In issue #106320, I removed many private C API functions in Python 3.13. It does break many C extensions projects on purpose. Here is my plan for the Python 3.13 development cycle. In short, it should be mostly fine before Python 3.13 beta1, otherwise we just follow the backup plan (revert all removals).
- Remove as many private API (functions, variables, macros) as possible, as early as possible: in practice, it only means to move these API to the internal C API. Not really “remove” them, only “remove” them from the public C API.
- Identify affected C extensions: code search (I already started to do that), build projects with Python 3.13 (I just tried to build numpy: I created an issue for Cython).
- At least report the issue to affected projects, or even propose a fix.
- Consider adding a new clean (tested, documented, maybe better API) functions replacing removed private functions.
- Target: Python 3.13 alpha 1 (October 2023)
- For most popular projects like Cython, numpy and pip: revert removals to unblock these projects if no release can be shipped with a fix in the meanwhile. If possible, I would prefer to only revert removals once these projects are fixed upstream (got a fix merged). The alpha1 should be usable a minimum!
- Target: Python 3.13 beta 1 (May 2024), but honestly doing this way before will be better. It’s just that I don’t know how much I can do alone so I prefer being pessimistic
- For remaining broken C extensions: decide what to do with removals causing most troubles. Propose a tool to automate migration to the new API? Add new public API to replace the removed one? Revert removals to give more time to C extensions maintainers? Something else?
Well, maybe I want your life to be a pain
No, seriously: there is an ongoing work on fixing C API issues (new C API working group!). We would like to fix issues one by one, but it will take time since we want to reduce the number of impacted projects (smooth migration). If the C API is too broad, it’s hard to do this work.
Private API has multiple issues: they are usually not documented, not tested, and so their behavior may change without any warning or anything. Also, they can be removed anytime without any notice. Core developers don’t know how these functions are used, and so it’s hard to enhance them and maintain them.
My idea is to proactively go through the long list of private functions: see how they are used, see if anyone uses it, clarify the difference between private and public functions.
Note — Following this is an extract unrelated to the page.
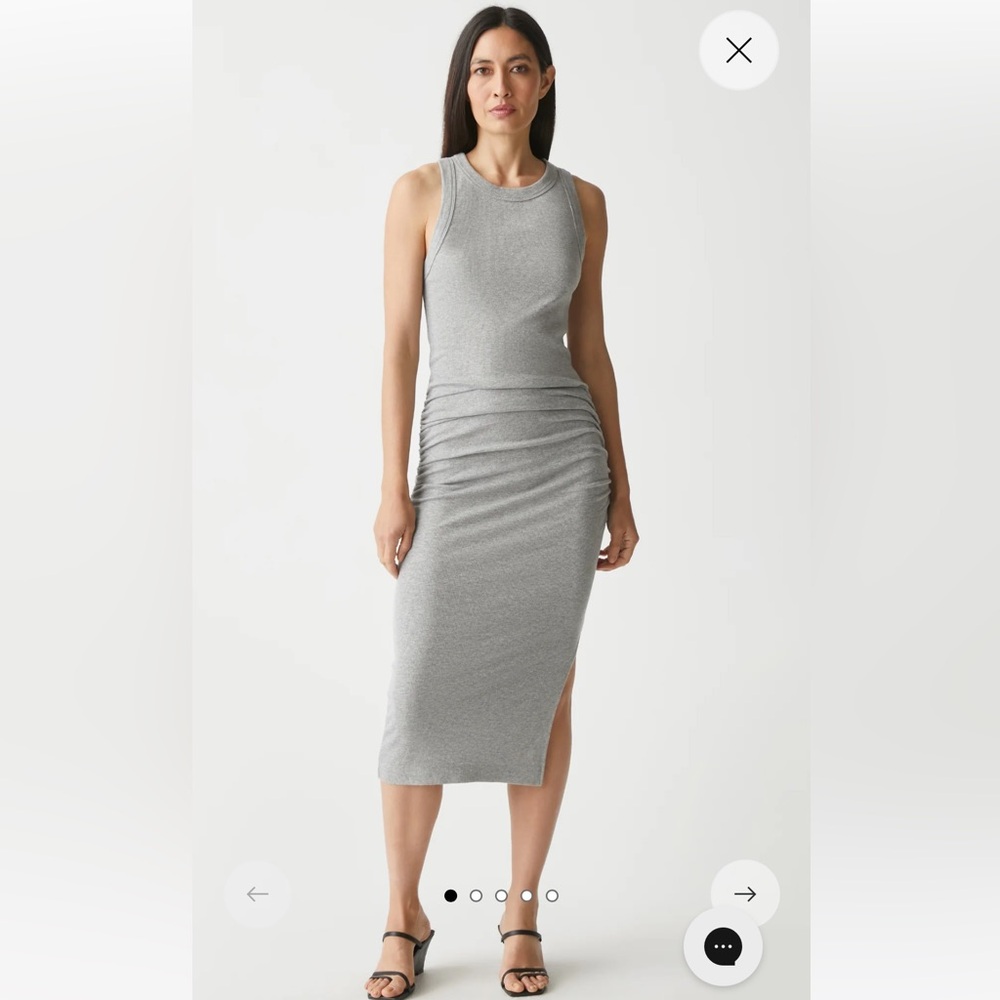 NWT Michael Stars Wren Ribbed Midi Dress sz M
My long goal would be to only provide clean public functions (tested, documented, follow regular PEP 387 deprecation process) in the public API, and put anything else in the internal C API. An alternative is to put some functions in the new PyUnstable C API, PEP 689 – Unstable C API tier.
As I wrote, I would like to convert some private functions to well tested and well documented public functions. IMO this work is important. During this conversion, we have to follow the latest C API guidelines to provide an even better API than before.
To convert a project to a new better public API, this project cannot lose support for old Python versions! That’s the problem of the idea of starting a new C API and leave the current C API unchanged: new API are only supported by new Python version. The solution here is to provide the new functions on old Python versions: that’s exactly what the pythoncapi-compat project does, header file providing these functions as static inline functions for old Python versions, up to Python 2.7!
In previous Python releases, I already followed a similar migration plan for deprecated functions: remove all deprecated functions planned for removal as early as possible at the beginning of a new development cycle, and then slowly reconsider reverting some removals once affected projects are aware of the issue (report the issue, or better fix the issue, but maybe there is no release yet), to unblock these projects.
The plan is to get a beta1 release as functional as possible, but allow some bumpy road between now and beta1.
In the worst case, the backup plan is simple: revert removals. In fact, I didn’t remove the function implementation. I only moved their definition from the public C API to the internal C API (move from Include/ or Include/cpython/ to Include/internal/). A revert is just to do the opposite again.
Obviously, anyone is welcomed to help me in this work: identify affected projects, report issues to these projects, propose patches, propose converting private functions to public functions, etc.
So. What do you think of this plan? Is anyone interested to help me?